The finalists competing in more than 30 categories this year include BBC’s Blue Planet II: One Ocean and Our Planet: Jungles by Silverback Films for Netflix, as well as National Geographic Documentary Films’ Free Solo. The latter, which chronicled climber Alex Honnold’s historic ascent of the El Capitan rock formation at Yosemite National Park without ropes or safety gear, won Best Documentary Feature at this year’s Oscars.

From Asia to Antarctica is one of three finalists in the Conservation Short Form category.

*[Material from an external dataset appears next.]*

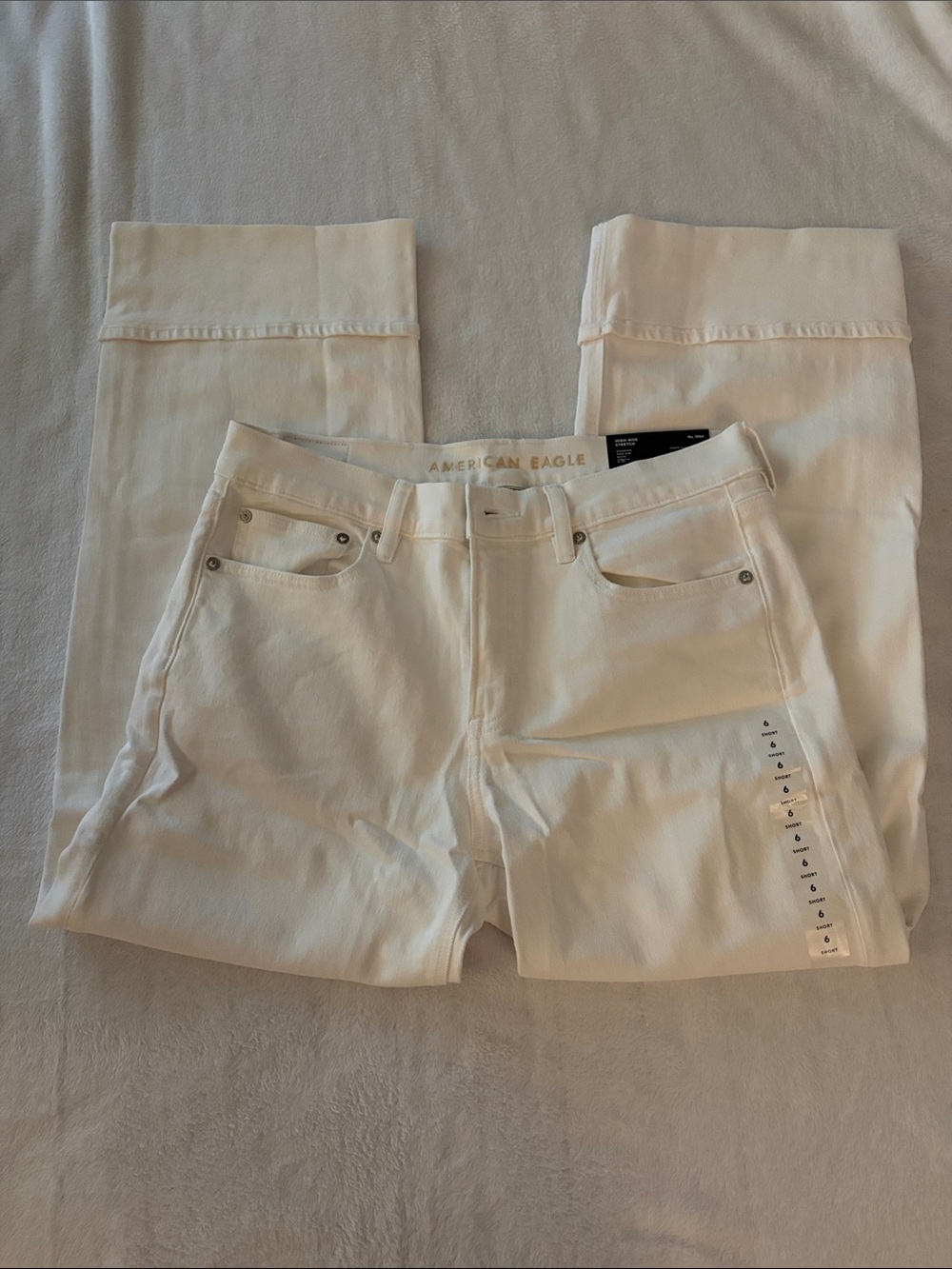 American Eagle Outfitters Women’s White Straight-Leg Jeans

It is up against Sides of a Horn, which is about South Africa’s rhino poaching war, and Nigerians Fight to Protect the World’s Most Trafficked Mammal, which documents the plight of the pangolin.

On this year’s “inspired” finalists, Jackson Wild executive director Lisa Samford said: “With powerful messaging and stunning imaging, these richly woven stories from around the world are high impact and purpose-driven.”

The competition drew more than 1,000 entries from over 30 countries and finalists were selected by more than 250 international judges.

From Asia to Antarctica documents the ClimateForce: Antarctica 2018 expedition led by British polar explorer Robert Swan. The 17-minute documentary, by Eco-Business managing editor Jessica Cheam and Scottish documentarian Fraser Morton, also features footage from the South Pole Energy Challenge—the world’s first renewable energy expedition led by Sir Robert and his son Barney that took place from December 2017 to January 2018.

Released in June last year, the film is part of Eco-Business’ multi-year Changing Course campaign, which advocates renewable energy, zero waste, sustainable lifestyles and engaging youth on environmental issues.

This year’s edition of the campaign will feature a new documentary from a recent trip to the Arctic by Cheam and Morton. It will premiere in October and be showcased as part of the Changing Course 2019 exhibition in Singapore later this year.

Cheam added, “We are so thrilled and humbled to be shortlisted for this award, I hope this helps get our documentary seen by an even wider audience to help inspire action on our climate crisis.”